- Data -
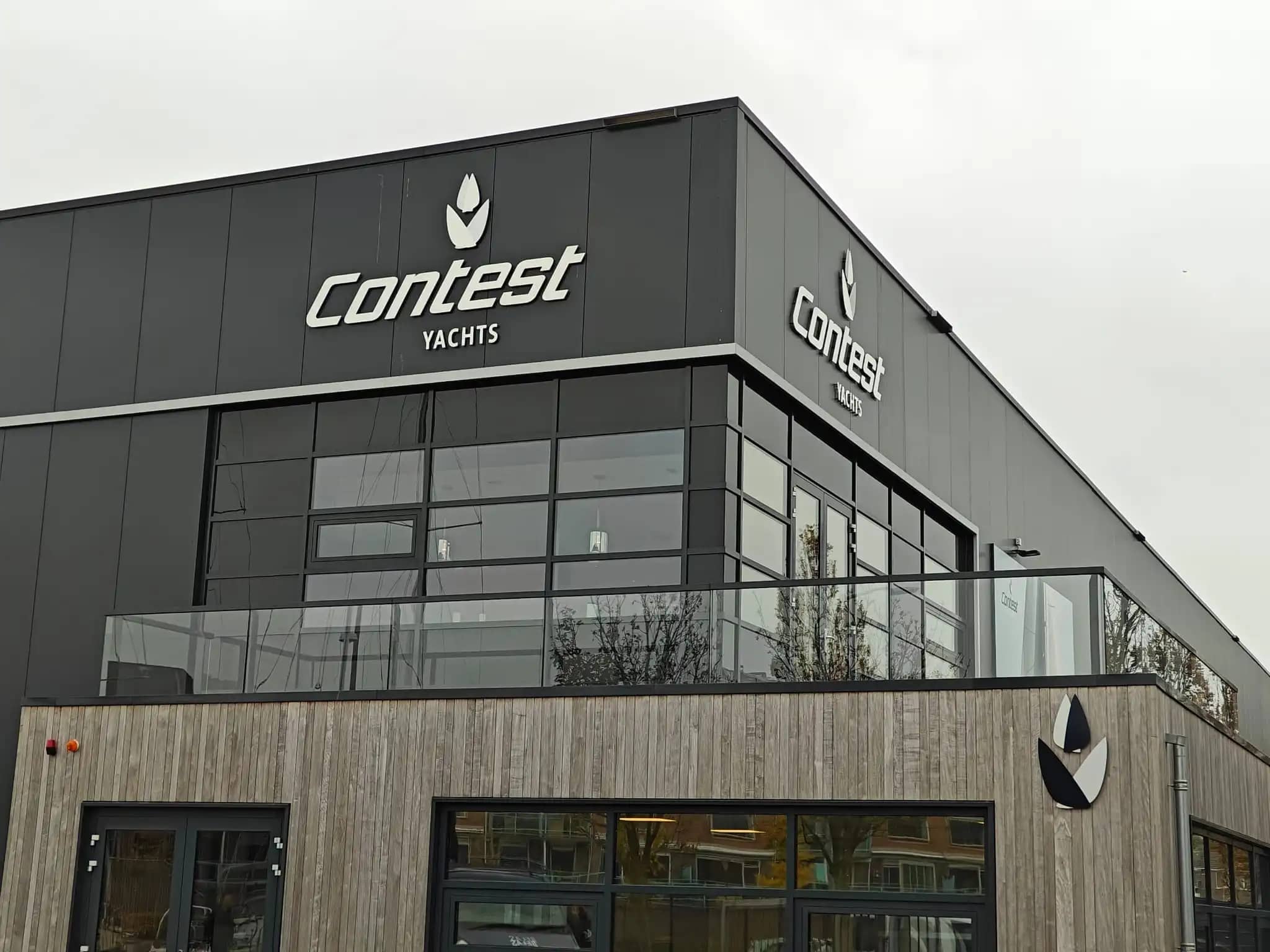 Glashekken bij Contest Yachts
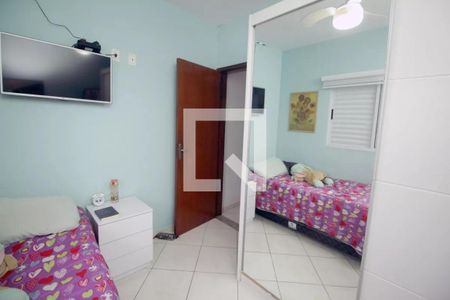 Quarto pequeno com cama simples, TV e porta de madeira, com decoração infantil. de casa à venda com 3 quartos, 100m² em Campestre, Santo André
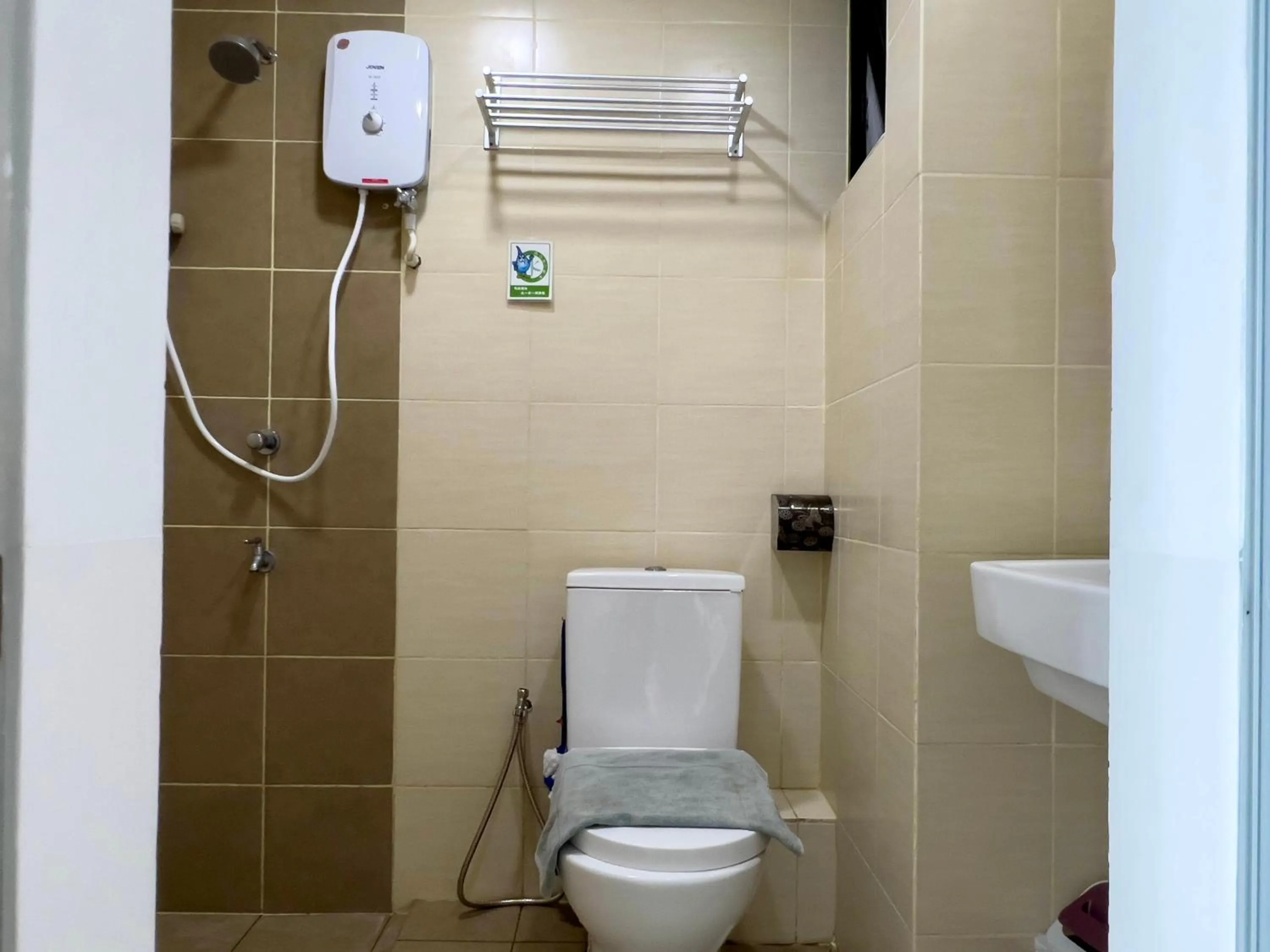 Hush Inn at ITCC Manhattan Suites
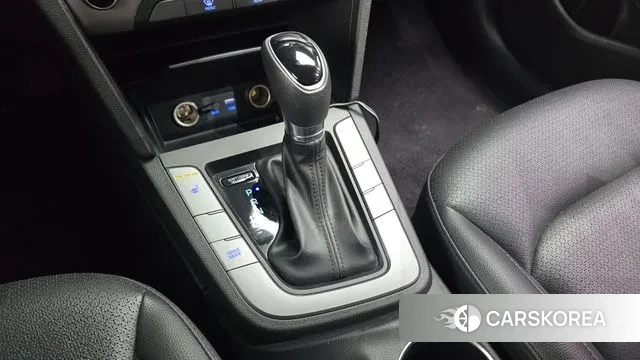 Hyundai Avante AD id 3226863 из Кореи 19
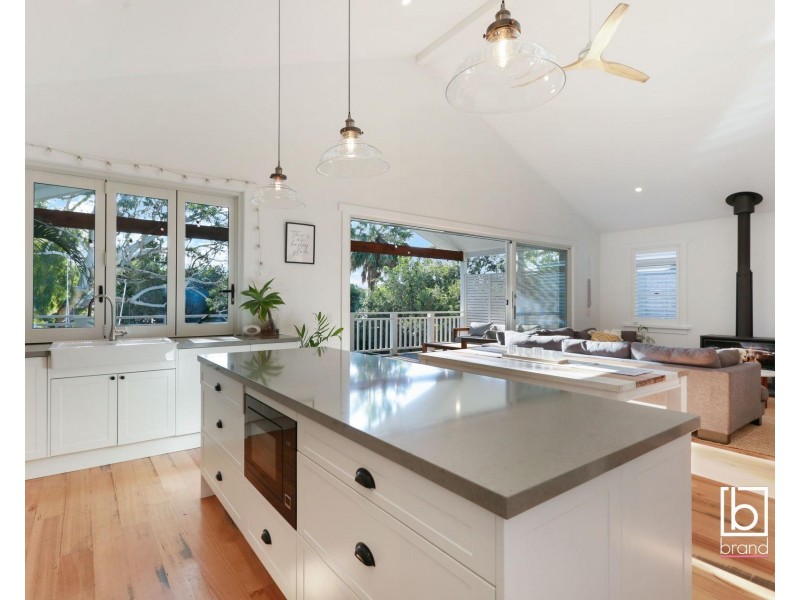 18 Poplars Avenue, Bateau Bay NSW 2261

- Exercise brief -
Copy verbatim the span that begins at the line containing "Quarto pequeno com" and ends at the last line of the material, inclusive of both; exclude pictures.

- Worked solution -
 Quarto pequeno com cama simples, TV e porta de madeira, com decoração infantil. de casa à venda com 3 quartos, 100m² em Campestre, Santo André
 Hush Inn at ITCC Manhattan Suites
 Hyundai Avante AD id 3226863 из Кореи 19
 18 Poplars Avenue, Bateau Bay NSW 2261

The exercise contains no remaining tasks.